8) Kaygılar Bitti Ana

küskün
gözleri açık
ve öyle acılı
anacık da eklendi şehitlerime...

ben kimin oğluyum
sen kimin anasısın le
tepa baravalı kadın...

GEVRĒ ALP

kaygılar bitti ana
ne newroz
ne de bir mayıs öncesi gecelerde
evimizin yoklandığını artık duymayacaksın
gece yarıları homurdanan her araba sesine
korkuyla çıkmayacaksın  balkona...

kaygılar bitti ana
etrafıma yakılan alevlerle kavrulmayacak yüreğin
ne öğretmenliğimin gelişini gözleyeceksin
ne de duvağıyla getireceğim bir alp gelinini
televizyonda gösterilen sıralı dağ parçalarına da
artık ağıtlar yakmayacaksın...

--------------:--------------:--------------------

kaygılar bitti ana
diyarbekir toprağı incitmez bağrında yatanı
bak ayak ucunda baran adında küçücük bir çocuk var
ve sizlere gölgesini esirgemeyen bir dut ağacı
üzerlerine titrediğin  çiçekleri avutamadım
yüzlerini güldüremedim ana
çiçekler ellerinle açıyormuş meğer
yokluğunun ilk gecesi son kez koktular
her yıl balkonumuzda yavrulayan yusufçuklar da
gelmezler mi bu yıl acep
ölümlerin ortasında kaldım ana
gittikçe azalıyorum...

(artık nerede bir yusufçuk havalansa
kendimi tutamıyorum
anacık ayakta öldü...)

seni toprağa vereli bir de yağmurlar yağıyor
o ruhumu çok daraltan yağmurlar yağıyor
yağmurlar aralıksız yağıyor, hiç durmuyor ana...

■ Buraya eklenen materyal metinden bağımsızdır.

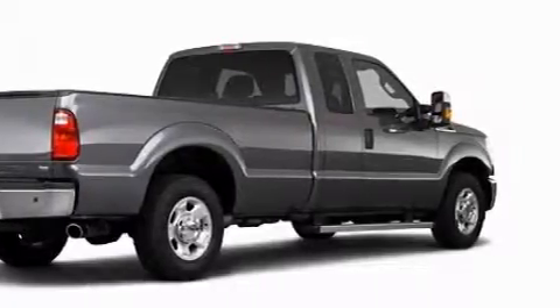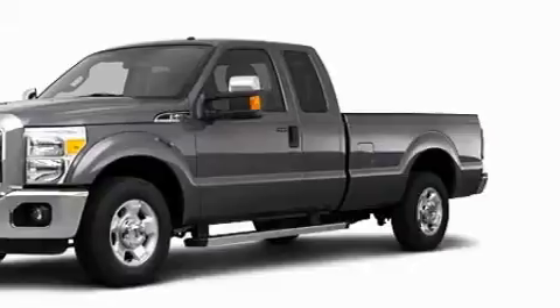It has a 6.7-liter, eight-cylinder engine, a six-speed automatic transmission, and four-wheel drive.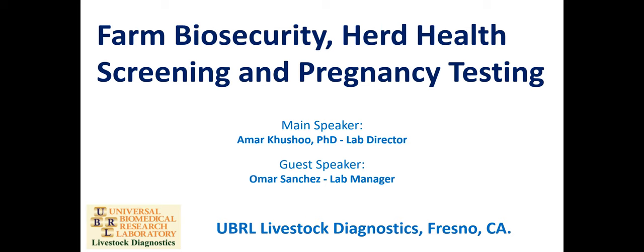Thank you, Michelle. I'm really happy to talk about farm biosecurity, why herd health screening is important, what diseases we should think about, and how pregnancy testing works. The goal is to get some basic information out to the goat community and do some outreach. I have Omar here and we'll be going over slides, sharing the stage as we go, and will answer questions at the end. Let's move to the first slide.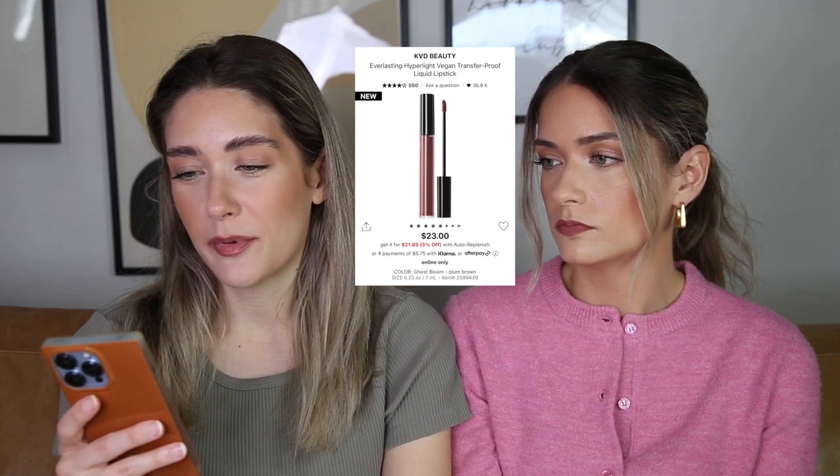Something we don't want to purchase is the Kat Von D Beauty Everlasting Hyper Light Vegan Transfer Proof Liquid Lipstick. They might be nice, but it takes a lot to launch a liquid lipstick that isn't thick and heavy. The MAC ones we swatched seemed super nice, but I just don't trust this one because the old Kat Von D ones were like cement — so dry. Back in the day we were obsessed; we wore Kat Von D Bone Arrow every single day.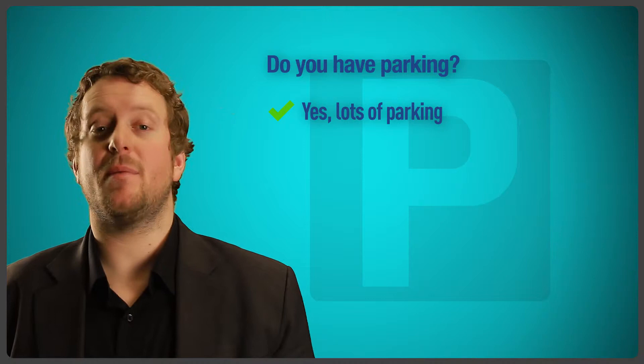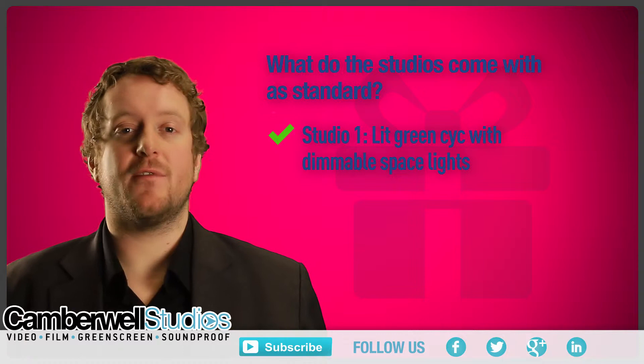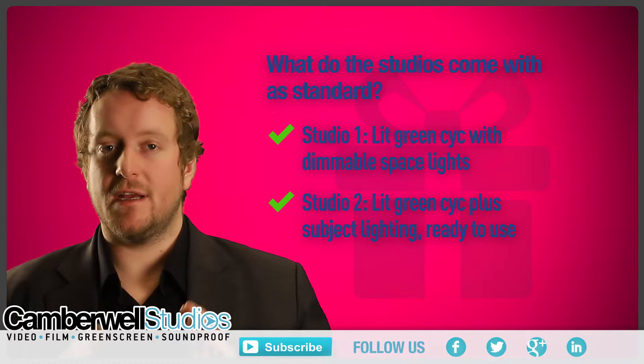What do the studios come with as standard? Studio 1 has a lit green Cyc with dimmable space lights. Studio 2 has Cyc and subject lighting, rigged and ready to use. Green room, make-up room, studio assistants to help set up, teas and coffees, and no electricity charges for both spaces.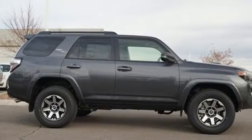V6 engine, aluminum wheels, gas pressurized shocks, and power heated mirrors. The time is now.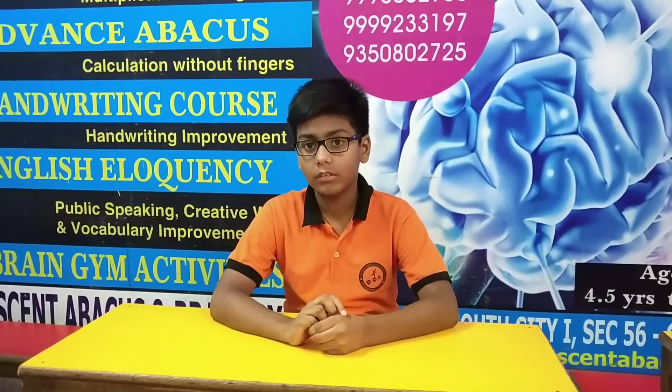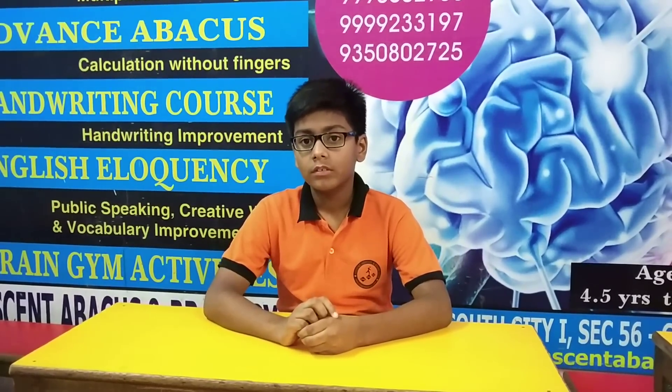Good afternoon Ritwik. Ritwik is doing mixed double digit calculations — in fact mixed back calculations involving divisions and multiplications together. Let's test him today. Are we ready, Ritwik?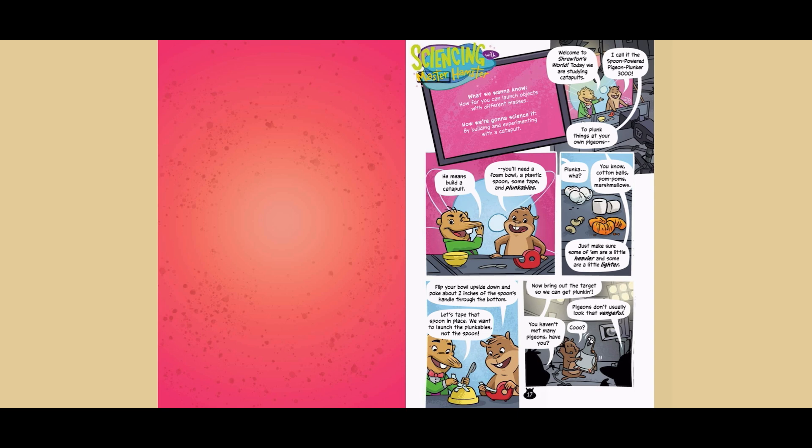Sciencing with Master Hamster. What we want to know: how far you can launch objects with different masses. How we're gonna science it: by building and experimenting with a catapult. Welcome to Shruton's World. Today, we are studying catapults. I call it the Spoon Powered Pigeon Plunker 3000, to plunk things at your own pigeons. He means build a catapult.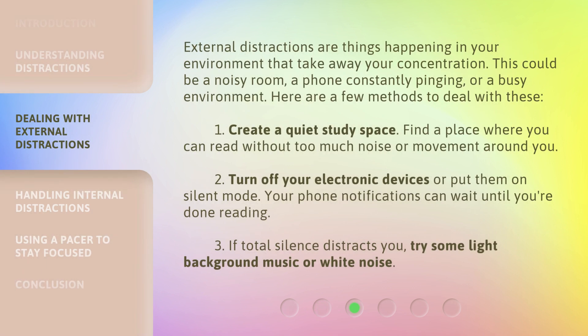External distractions are things happening in your environment that take away your concentration. This could be a noisy room, a phone constantly pinging, or a busy environment. Here are a few methods to deal with these.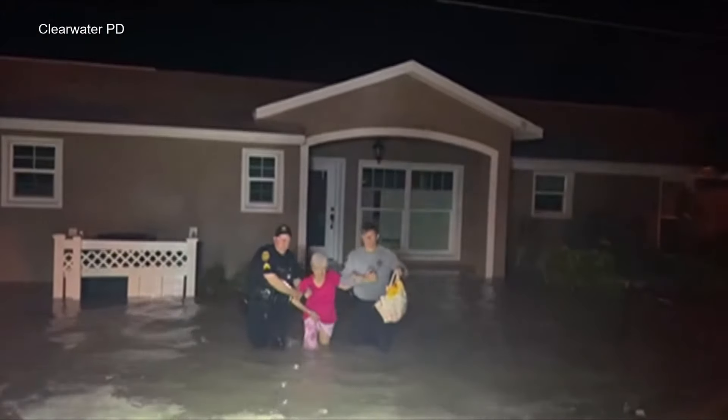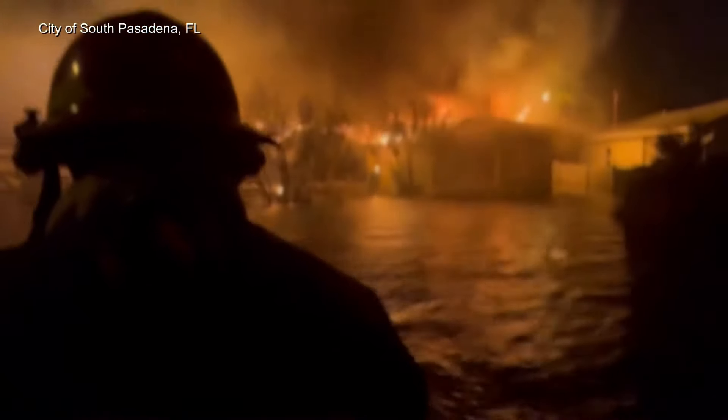Florida's governor says there were thousands of rescue missions overnight. This team in South Pasadena called out for people who might need help when several homes caught fire.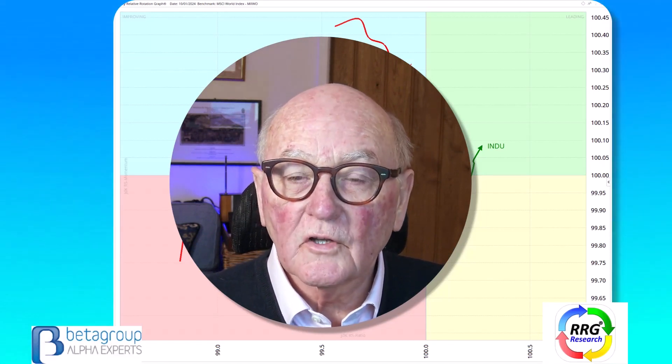Hello traders at CMC Markets. This is Trevor Neil of RRG Research and this update is on the morning of the 11th of January.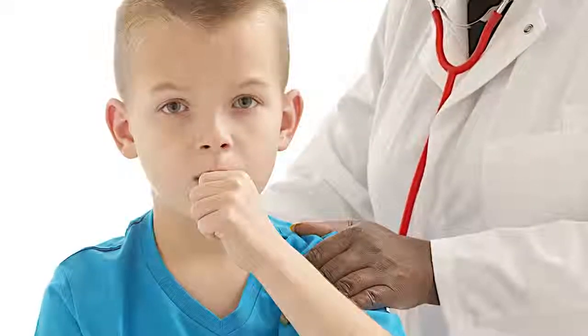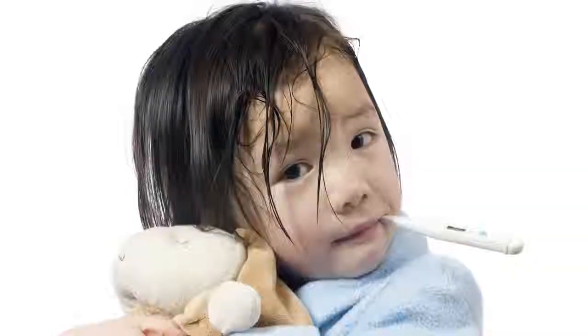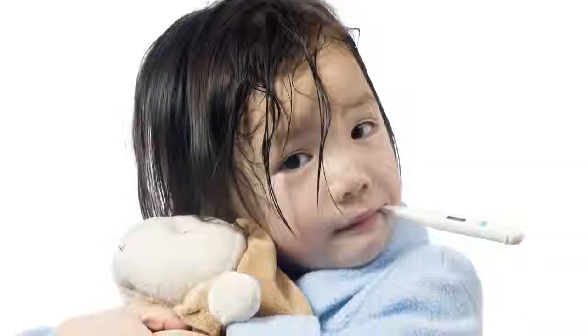First of all, if the kid is short of breath, obviously that's a problem. If they're wheezing, with that sort of raspy breathing, that's another problem type cough. If they have a high fever, that could indicate pneumonia.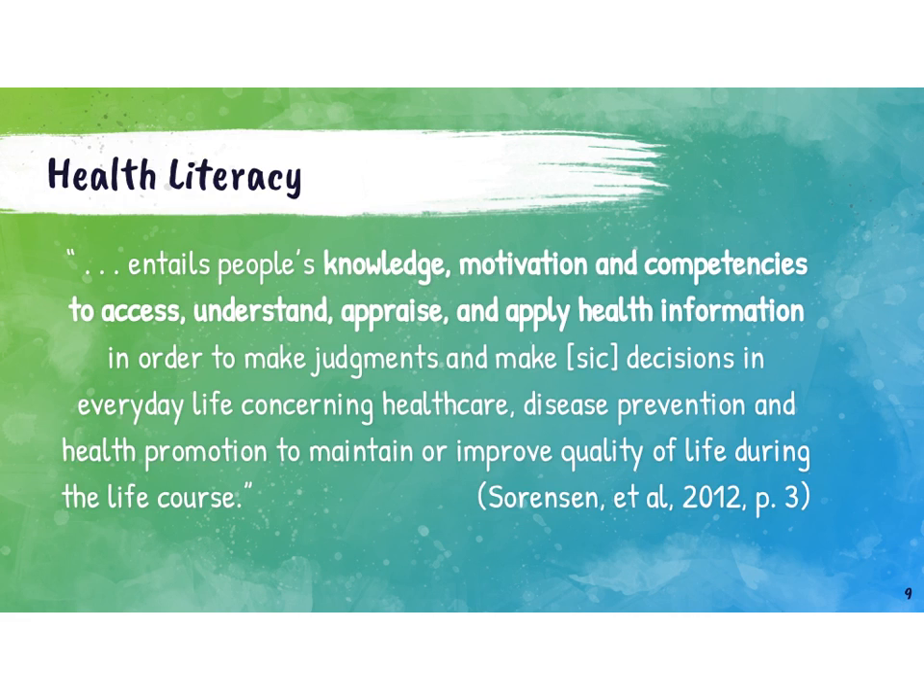You'll see these verbs: to access, understand, appraise, and apply. Not only do those align with some of the national health education standards directly, but when you think about all the skills together and the ways that a skills-based program helps students develop and practice these skills, we can see the connections here. There's a lot of research showing that levels of health literacy directly impact people's health over a lifetime, so we can help students develop the skills they need to be healthy not just now, but over a lifetime.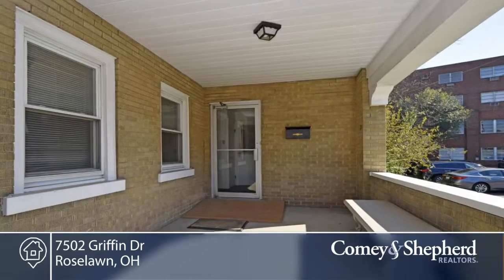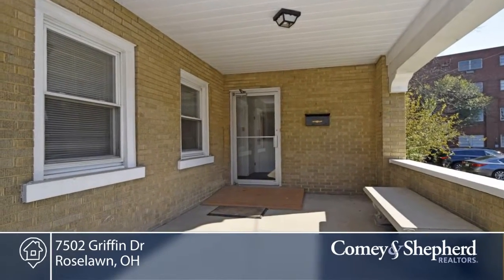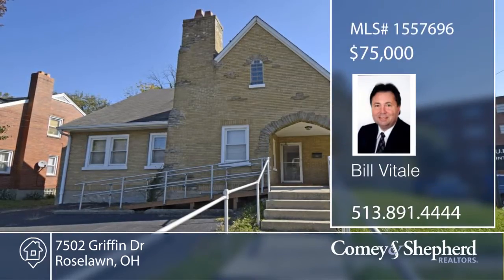The home needs some work, but investors are welcome. The property is being sold as is. Call Bill for a look at this home with many possibilities.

alınlara vuran bu projektör soluğum
şarkılarımız çınlamadan kesilsin istemiyorum
sevdalı olmanın diyeti, ama çok büyük
ölüme yakın yaşıyorum ana...

--------------:--------------:--------------------

(az mı darbe yemiştim sanki
iyi kötü birbirimizi tanıdığımız dünya
kaç anam vardı ki...)

benzi yenilgimizin renginde olan ana
özlemlerle yüklü kalbin yetmedi
çok istedim kan olamadım
ellerin yok,artık beni yatıştırmaya...

9) En Uzun Dicle...

dünya...dünya...dünya...
dökülen kanlarımız ki en uzun dicle
yüzyıllardır durmaksızın neyi söyler
bir peşmerge şarkısı,aşikâr ve derin
bin kaval inler, bir özlem söyler ..

GÜL HERKESE GÜL OLDUĞUNDA

nazlı bir gelinciğin göğünde
çelik kanatlarıyla ölüm dolaşıyor
dinlerin yazdığı kıyametten başkadır bu
hortlayan hitler kılığında kimyasal bombalar
israfil’in suruyla yağdırılmıyor...

dünyanın sistemli gözleri kayıtsız
parmağını bile oynatmıyor...

sistemlerin batsın dünya
düzenlerin ve demokrasin batsın
bütün dillerindeki yeminleri toplasan
az yerin kaplayan bebelerimizin hıncını
ve gözyaşlarımızın  ahdini taşıyamaz...

bir gelinciğin güneyinden geliyor bu uğultu
ve çeliğe artık göz pınarlarımızdan veriliyor su…

dünya...dünya...dünya...
gül herkese gül olduğunda
hiçbir ferdimiz yenilmemiştir
bir şafak söker, bir gül hızla ışır
gözyaşlarımız da aydınlanır...

10) Ateşin Kehāneti...

ateşin kehâneti bu
dehhâklar bir bir düşecek...

haho haho haho
halepçe kıvrılan bir ülke
çocuklar küçücük
ölümün kolları üstünde...

kawa'nın gazabı üzerlerinde olsun
çelik fırtınalar kuşanıyoruz
başülke şövalyeleri
azrail tanığımız olur,karşı karşıya geldiğimizde.

ölüm, napalm  sırlı, isterse de kimyasal olsun
saçlarımızı taradığımız bir aynadır bre dünya
'diyalektiğin’in   de kulaklarına kar kaçsın
bütünleri' 'feda ediyorum' esmerliğimize...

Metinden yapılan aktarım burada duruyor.